How to deal with the issue? Fix it: Get an end date.
posted by bonaldi at 2:41 PM on November 20, 2005


Also, any ideas about how an Australian student could somehow live in the same country as an American actor would be great.

Even after you complete your degree, unless you have some super-specialized skills, you will not be able to live in America (legally) unless you two are married.

The only near-term solution I can think of is to find a company that has internships/fixed-term jobs for internationals (Disney resorts and similar attractions are the only thing that comes to mind). Living together (or at least in the same city) for a while might help you two to see if the relationship is ready to be taken to the next stage. Then think about getting married and finish your education in the US. I don't mean to imply that this is an easy option, but unfortunately, even if you weren't in school, your options are limited.
posted by necessitas at 2:44 PM on November 20, 2005


There is no easy long-term solution except getting hitched.

A shorter-term way to deal with this, when the time comes, is a fiancee visa (which is the most sensible way for her to move to the US anyway).

You file paperwork claiming that you love her ever so much and who you are and so on -- all very confusing and fussy, but not really difficult. Then BCIS (who used to be INS) says okay. Then the State Department talks to your beloved in Australia, and she moves to the US.

At that point, you have three months to get married or ship her back. This can be a three-month trial-shacking-up thing if you want; they won't know. After getting married, you do more stuff with BCIS to get her a green card.

I don't know you from Adam's housecat. But I wouldn't recommend just getting hitched now; getting married young is an easy way to get divorced slightly-less-young, he says from experience. But you can hold out the fiancee visa process as a Next Step.
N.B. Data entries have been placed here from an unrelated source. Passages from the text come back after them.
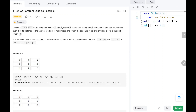Hey everyone, welcome to TechWide. In this video, we are going to solve problem number 1162, 'As Far from Land as Possible'. We are going to solve this problem using a breadth-first search approach. Now, let's dive into the solution.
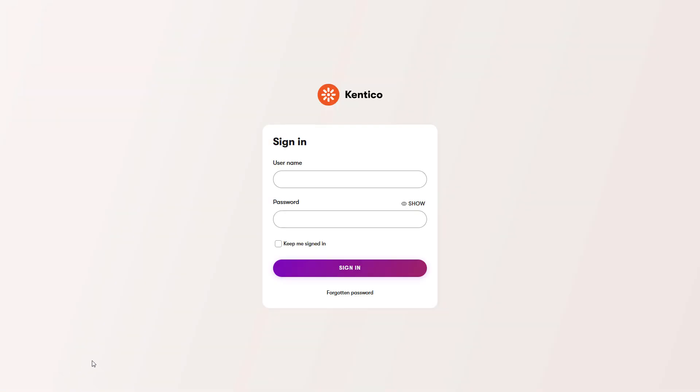This is how you can navigate yourself in the experience administration interface. Thanks for watching.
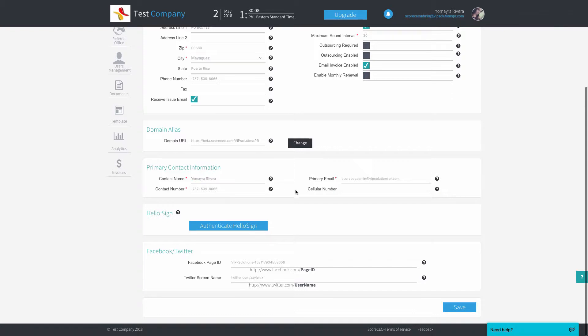All right, now you can change your email or your contact number. Once you're done, just click save to save the information you changed.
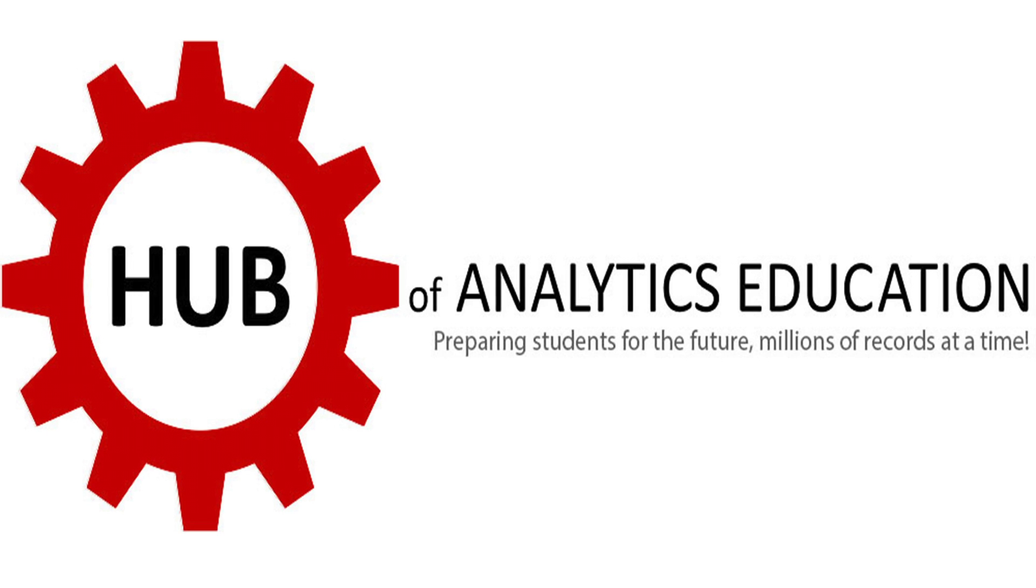Thanks for watching the Hub of Analytics Education video series. The Hub of Analytics Education provides open educational resources to educators around the globe, supporting both higher education and secondary education.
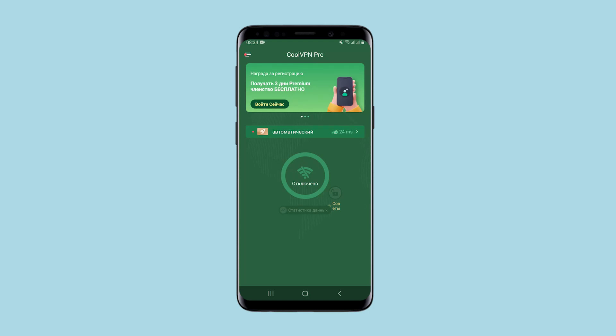Hello, you're on the CETANET channel. In this video I will show you how Cool VPN PRO works. It is a program for using a proxy on a smartphone, and I will show you how it works on Android.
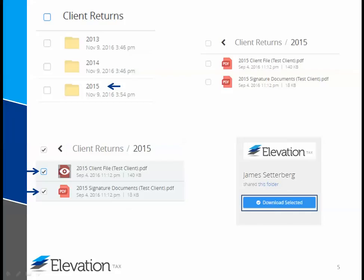This video only shows you how to access the shared folder. For further instructions on the files located in your folder, you'll need to continue reading the instruction email we sent — the same email where the link to this video is located. There are also additional video tutorials available. Thank you.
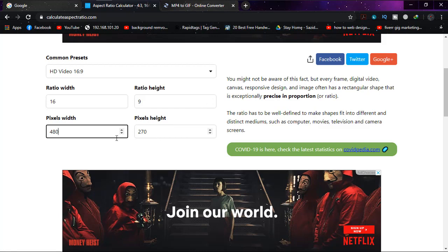So if I press 480, it becomes 270. This indicates the standard ratio should be maintained.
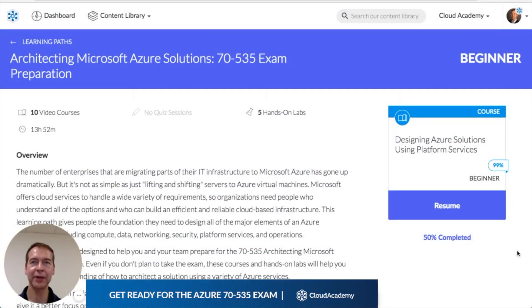Hi there, I'm Guy Hummel with Cloud Academy. I'm excited to tell you about a new learning path to help you prepare for Microsoft's 70-535 exam on architecting Azure solutions.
In the meantime, presumably you get a ~3 month summer break. Spend it with her. Presumably she gets school vacations too. If one or the other of you need to make a bit of money, look into BUNAC (for you) or IEP (for her) work exchange programs.
posted by ROU_Xenophobe at 3:06 PM on November 20, 2005


I used to be in a very similar situation, and we solved it by basically setting out an "end-date, but more in the style of a five year plan of what we're going to try to do to get back together, geographically. What I would suggest is talking with your gf and figure out what you're both able and/or willing to do. Is getting married after you graduate an option? Her trying to move to Australia, you moving to the US? Figure out what you're ultimate goal is and how rigid the rules are, and then try and plan the best way there. For me and my bf, it was that we would want to be together somewhere in the US or Canada, after we've both graduated from business school. We decided that we would be both free to decide where we went to school, but after graduation, we would decide together where we would live. So not really an end date, but at least an idea of where things were going. It's helped a lot in just not having to worry about things and "are we ever going to be in the same town". So if you guys can figure out the ultimate goal, then you can plan your way toward it, and get rid of that open-ended uncertainty feeling.
posted by orangskye at 3:22 PM on November 20, 2005


I had the US person and Australian person backwards. Oops.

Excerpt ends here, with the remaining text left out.